Course description
Information theory is an indispensable tool for a statistician (data scientist?). It allows one to quantize the information a random variable reveals about another, bit-by-bit. This is in contrast to the classical probability view where one can quantify knowing or not knowing a random variable, but not having a bit of information about it. The incremental notion of information and uncertainty provided by information theory enables the proof of lower bounds for statistical problems, the design of penalty functions for model selection, and the design of information theoretic metrics for feature selection. Furthermore, the measures of information provided by information theory gives rise to a geometry on the probability simplex which in turn provides a heuristic interpretation of several popular optimization procedures used in machine learning.
In this topics course, we will present several use-cases for information theory in statistics and machine learning and cover recent developments along with classic results. Our plan is to cover the following topics (but as a wise person once said:
Prediction is difficult, especially about the future).

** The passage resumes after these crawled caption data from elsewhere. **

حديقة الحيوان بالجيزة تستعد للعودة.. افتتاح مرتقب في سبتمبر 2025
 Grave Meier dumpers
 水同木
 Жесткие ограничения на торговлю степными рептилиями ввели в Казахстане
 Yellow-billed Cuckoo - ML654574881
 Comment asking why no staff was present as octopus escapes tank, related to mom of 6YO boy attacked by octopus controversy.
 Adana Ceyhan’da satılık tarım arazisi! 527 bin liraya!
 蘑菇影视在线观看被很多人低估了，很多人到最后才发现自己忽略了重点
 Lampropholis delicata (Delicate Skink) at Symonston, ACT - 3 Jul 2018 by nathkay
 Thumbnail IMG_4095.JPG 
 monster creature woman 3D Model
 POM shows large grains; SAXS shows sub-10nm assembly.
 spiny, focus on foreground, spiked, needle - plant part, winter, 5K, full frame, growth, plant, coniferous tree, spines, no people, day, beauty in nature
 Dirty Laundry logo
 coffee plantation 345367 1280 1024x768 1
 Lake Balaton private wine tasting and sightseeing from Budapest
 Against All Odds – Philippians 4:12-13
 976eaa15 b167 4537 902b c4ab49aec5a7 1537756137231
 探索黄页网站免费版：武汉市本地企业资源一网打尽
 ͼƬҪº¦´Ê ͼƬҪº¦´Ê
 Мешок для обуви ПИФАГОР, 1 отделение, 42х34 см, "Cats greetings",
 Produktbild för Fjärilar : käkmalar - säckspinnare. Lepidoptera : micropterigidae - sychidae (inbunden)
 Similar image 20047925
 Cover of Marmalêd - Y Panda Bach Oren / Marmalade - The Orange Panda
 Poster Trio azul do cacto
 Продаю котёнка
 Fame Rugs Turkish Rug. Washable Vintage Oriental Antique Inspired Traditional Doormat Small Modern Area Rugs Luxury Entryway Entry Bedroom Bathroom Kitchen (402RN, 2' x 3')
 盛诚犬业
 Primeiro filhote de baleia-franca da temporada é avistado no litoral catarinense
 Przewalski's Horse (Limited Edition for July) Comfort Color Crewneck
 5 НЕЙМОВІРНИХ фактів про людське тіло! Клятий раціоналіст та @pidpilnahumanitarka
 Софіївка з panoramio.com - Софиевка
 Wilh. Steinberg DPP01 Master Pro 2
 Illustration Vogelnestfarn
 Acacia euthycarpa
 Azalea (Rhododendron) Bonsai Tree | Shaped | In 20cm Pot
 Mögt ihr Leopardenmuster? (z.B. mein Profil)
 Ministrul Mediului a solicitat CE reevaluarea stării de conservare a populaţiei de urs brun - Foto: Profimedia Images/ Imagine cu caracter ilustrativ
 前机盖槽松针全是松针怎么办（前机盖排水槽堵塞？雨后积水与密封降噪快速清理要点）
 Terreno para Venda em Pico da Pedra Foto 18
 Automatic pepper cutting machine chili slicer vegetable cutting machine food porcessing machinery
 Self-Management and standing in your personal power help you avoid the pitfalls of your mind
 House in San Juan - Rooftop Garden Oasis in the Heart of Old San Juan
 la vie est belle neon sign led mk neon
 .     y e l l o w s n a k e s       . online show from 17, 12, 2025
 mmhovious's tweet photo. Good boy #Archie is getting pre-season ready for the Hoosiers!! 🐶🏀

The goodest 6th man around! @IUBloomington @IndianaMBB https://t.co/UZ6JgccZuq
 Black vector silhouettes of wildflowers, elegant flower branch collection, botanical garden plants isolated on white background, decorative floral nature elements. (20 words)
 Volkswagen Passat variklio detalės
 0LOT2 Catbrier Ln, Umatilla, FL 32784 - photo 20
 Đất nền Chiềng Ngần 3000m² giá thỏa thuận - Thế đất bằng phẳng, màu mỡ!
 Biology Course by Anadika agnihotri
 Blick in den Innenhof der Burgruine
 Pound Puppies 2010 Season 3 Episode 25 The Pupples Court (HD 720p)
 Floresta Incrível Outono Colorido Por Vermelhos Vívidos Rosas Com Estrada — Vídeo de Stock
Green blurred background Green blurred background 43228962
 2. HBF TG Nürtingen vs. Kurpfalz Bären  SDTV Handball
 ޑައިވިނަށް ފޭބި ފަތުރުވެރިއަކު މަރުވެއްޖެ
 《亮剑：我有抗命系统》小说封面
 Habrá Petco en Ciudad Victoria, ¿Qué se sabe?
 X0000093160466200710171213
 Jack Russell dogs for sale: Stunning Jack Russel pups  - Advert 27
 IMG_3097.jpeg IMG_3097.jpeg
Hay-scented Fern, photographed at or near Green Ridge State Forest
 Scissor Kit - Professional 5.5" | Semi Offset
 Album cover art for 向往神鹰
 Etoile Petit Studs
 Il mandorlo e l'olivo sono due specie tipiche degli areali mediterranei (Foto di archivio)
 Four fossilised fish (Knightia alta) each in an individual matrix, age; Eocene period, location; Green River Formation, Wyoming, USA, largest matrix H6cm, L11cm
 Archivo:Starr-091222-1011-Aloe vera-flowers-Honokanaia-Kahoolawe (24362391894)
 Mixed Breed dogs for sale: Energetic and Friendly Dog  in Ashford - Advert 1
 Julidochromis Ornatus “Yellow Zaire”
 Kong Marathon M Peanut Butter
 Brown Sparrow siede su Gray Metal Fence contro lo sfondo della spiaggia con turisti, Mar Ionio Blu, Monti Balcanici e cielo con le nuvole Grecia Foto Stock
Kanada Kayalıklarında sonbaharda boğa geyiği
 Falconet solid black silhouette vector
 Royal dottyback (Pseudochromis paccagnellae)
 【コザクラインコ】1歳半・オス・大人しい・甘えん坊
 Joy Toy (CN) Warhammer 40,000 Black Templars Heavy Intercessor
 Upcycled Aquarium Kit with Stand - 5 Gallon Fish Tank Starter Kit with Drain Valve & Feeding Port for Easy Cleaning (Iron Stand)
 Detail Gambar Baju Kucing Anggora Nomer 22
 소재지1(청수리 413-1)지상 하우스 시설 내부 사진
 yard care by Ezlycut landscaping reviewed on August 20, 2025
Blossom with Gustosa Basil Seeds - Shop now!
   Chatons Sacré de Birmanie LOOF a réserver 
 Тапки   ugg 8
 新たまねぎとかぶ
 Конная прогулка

- Part 1: Information theoretically optimal distribution testing and learning: Minmax and Bayesian formulations; Information theoretic lower bounds; case studies such as uniformity testing, learning Gaussian mixtures, etc..
- Part 2: Probability estimation and compression: Optimal redundancy compression; estimating discrete probabilities; universal portfolio and online learning; context tree weighting; model selection: BIC and MDL criteria.
- Part 3: Information geometry: A geometric view of parametric families; an information geometric view of popular optimization procedures (case studies: Alternating minization, belief propagation).
Resources: We will be drawing from several recent papers and books. The specific source will be given along with the lecture notes.